The servant of God promised he would, and then added: ‘You’ll get better.’

‘When, Monsieur l’Abbe?’ I insisted.

‘A little later. Don’t press me too hard.’ Then in a gentler tone he added: ‘What with the Blessed Virgin and St. Philomena, we know each other quite well.’”

The celebration of the 150th anniversary of the death of Saint John Vianney (1859) follows upon the celebration of the 150th anniversary of Our Lady’s apparitions of Lourdes (1858). In 2008, we celebrated the 150th year of Our Lady of Lourdes’ apparition. This year, in 2009, we are celebrating the 150th year of death of Saint John Vianney.

Blessed Pope John XXIII noted that shortly before the Curé of Ars completed his long and admirable life, the Immaculate Virgin appeared in another part of France to an innocent and humble girl, Bernadette Soubirous, and entrusted to her the message of prayer and penance which continues, even a century later, to yield immense spiritual fruits. The life of this holy priest whose centenary we are commemorating in a real way anticipated the great supernatural truths taught to the seer of the Grotto of Lourdes.

Saint John Vianney was greatly devoted to the Immaculate Conception of the Blessed Virgin. In 1836, he had dedicated his parish church in Ars to Our Lady Conceived Without Sin and he greeted the dogmatic definition of this truth in 1854 with deep faith and great joy. The Curé of Ars would always remind his faithful that “after giving us all he could, Jesus Christ wishes in addition to bequeath us his most precious possession, his Blessed Mother”.

Saint John Vianney had a love for the Blessed Virgin that was as tender as it was fervent, as filial as it was tender.
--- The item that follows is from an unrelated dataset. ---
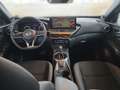 Nissan Juke JUKE 1.6 HYBRID 143 PS 4AMT MsSt. ausweisbar Schwarz - thumbnail 11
He celebrated all her feast days as if it had been his own Mother whom he could see before his eyes. One evening, he took the opportunity of recounting from the pulpit all the things he had done for the glory of the Queen of Heaven. “If it were possible to sell myself in order to give something else to the Blessed Virgin, I would sell myself,” he concluded.

The day when the dogma of the Immaculate Conception was proclaimed in Rome – Friday, 8th of December 1854 – Saint John Vianney organized in his village of Ars “an enormous demonstration of joy”. In the morning, he insisted on singing the High Mass himself in honor of the Blessed Virgin Mary. He robed himself for the occasion in magnificent vestments of blue velvet embroidered with gold. In the evening, the whole village of Ars was illuminated and Saint John Vianney himself sounded the big bell to give the signal for the rejoicing. That evening, he “took a holiday”: he abandoned the confessional and “strolled happily by the light of the torches amid the priests who were there and the Brothers.”

On the Solemnity of the Immaculate Conception, we are reminded of Saint John Vianney’s response to Our Lady’s call to prayer, penance and conversion as she presented herself to us as the “Immaculate Conception” – “full of grace” – the “graced one” – the “highly favored of God”. Mary, full of Grace, encourages us always to remain in the state of grace. Mary gave total space for God in her life. Like Mary, may we give total space for God in our lives and say our “Totus Tuus” to Jesus through Mary.